** To do **
Print each entry in full, word for word, with no pictures in the result.

** Data for this exercise **
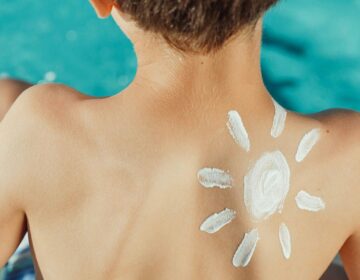 Scientists Discover How Sunburn Triggers a Hidden Cancer Chain Reaction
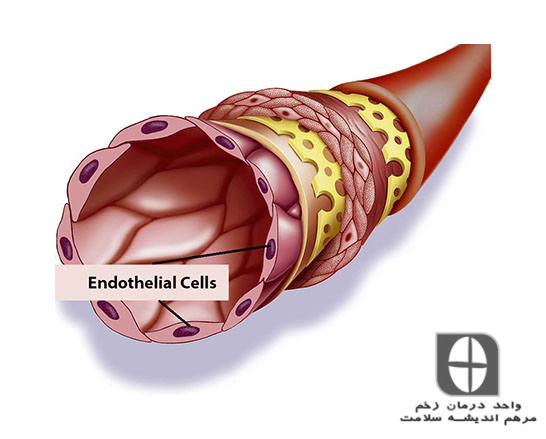 سلول های اندوتلیال فعال شده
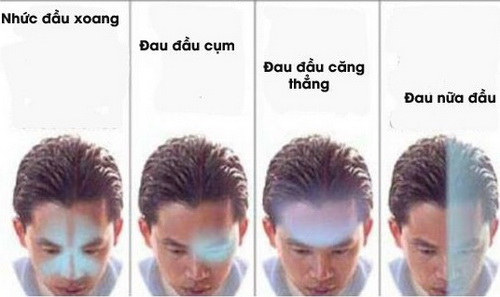 Các dạng đau đầu thường gặp.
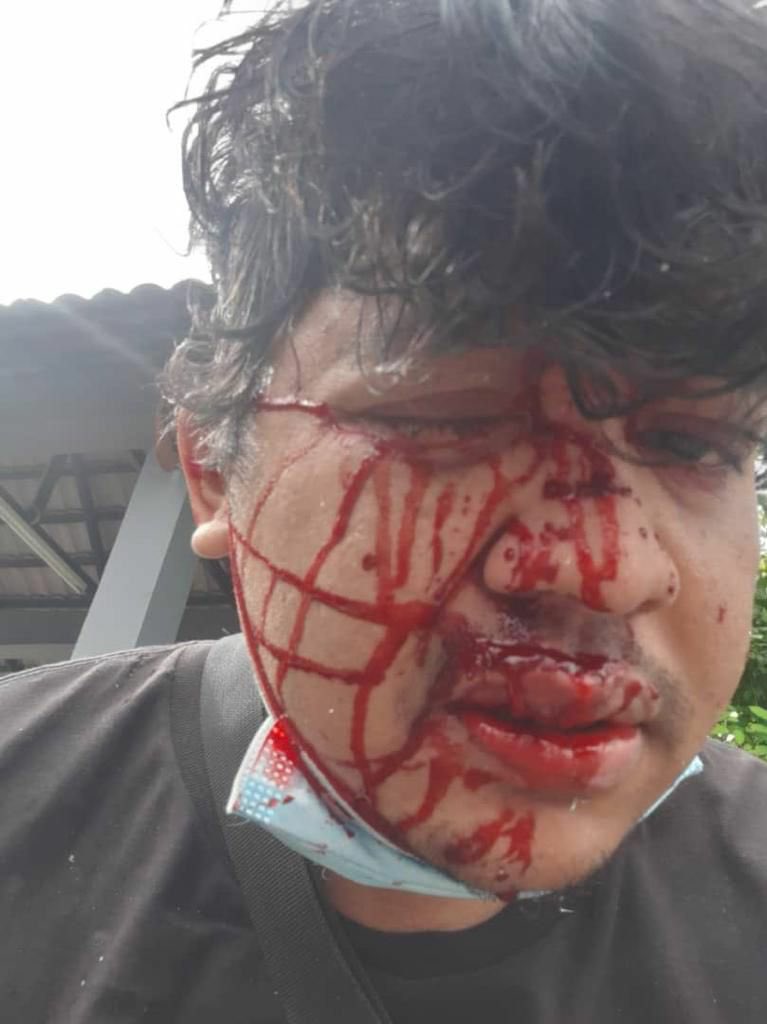 HafizRayyan's tweet photo. Wahyu, makhluk Allah yg dikurniakan kekuatan yg hebat. Moha cepat sihat.

Doakan sahabat sekolah saya lekas sembuh. Kemalangan sebentar tadi. https://t.co/cUoOvD81pV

** Answer to this exercise **
 Scientists Discover How Sunburn Triggers a Hidden Cancer Chain Reaction
 سلول های اندوتلیال فعال شده
 Các dạng đau đầu thường gặp.
 HafizRayyan's tweet photo. Wahyu, makhluk Allah yg dikurniakan kekuatan yg hebat. Moha cepat sihat.

Doakan sahabat sekolah saya lekas sembuh. Kemalangan sebentar tadi. https://t.co/cUoOvD81pV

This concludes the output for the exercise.